Judges are not looking favorably on consumer cases against candy manufacturers who only fill their boxes halfway.

When manufacturers over-package a product creating empty space inside that has no function other than to make consumers think they are getting more for their money than they really are, that is called slack fill, and it’s illegal under federal law (and the law of some states). It is not illegal if the empty space is needed because of settling of the product, or because the machinery to fill the package requires it, or the space is needed to protect the product (such as the cushioning pillow created by large potato chips bags).

A federal court judge just let Tootsie Roll off hook for its five-and-a-half inch high boxes of Junior Mints that are close to half empty inside.

*MOUSE PRINT:

Junior MintsJunior Mints inside

Note that the illustration with a ruler is of a revised box introduced after the lawsuit ended that states on the front the minimum number of mints inside.

In ruling against the consumer who brought the case, the judge said in part in his opinion:

To begin, the Products contain a disclosure that the Products are sold by weight, and not volume, which addresses the very information that Plaintiff alleges was misrepresented.

Furthermore, the net weight of the candy, both in metric and standard measurements, is displayed on the front of the Products’ boxes in easily discernable font.

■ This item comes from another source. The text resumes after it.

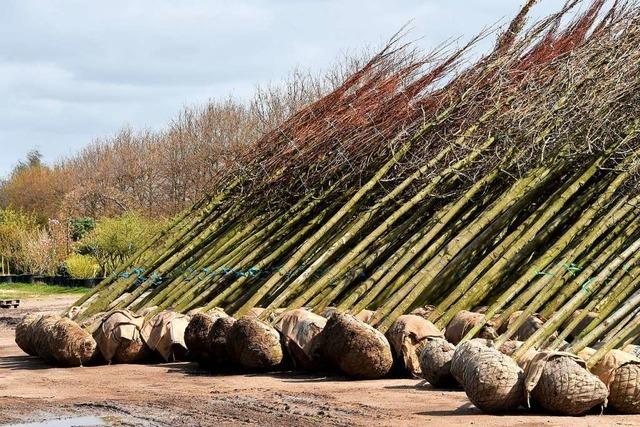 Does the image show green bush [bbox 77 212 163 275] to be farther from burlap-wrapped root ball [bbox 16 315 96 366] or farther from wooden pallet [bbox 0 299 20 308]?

And citing some other related cases, the judge adopted their conclusions:

“the slack-fill enclosed in [a box of Junior Mints] would not mislead a reasonable consumer” because the Junior Mints’ boxes included the net weight of the candy and consumers have come to expect some slack-fill in certain products…

…a consumer “can easily calculate the number of candies contained in the Product boxes simply by multiplying the serving size by the number of servings in each box, information displayed in the nutritional facts section on the back of each box.”

What’s troubling is the judge’s reasoning that since the net weight is stated on the package (as all packaged food products are required to) that somehow makes irrelevant that the product is packaged in a box that makes it look like it contains more content than it really does. What is the point of the slack-fill law if over-packaging like this is continued to be allowed?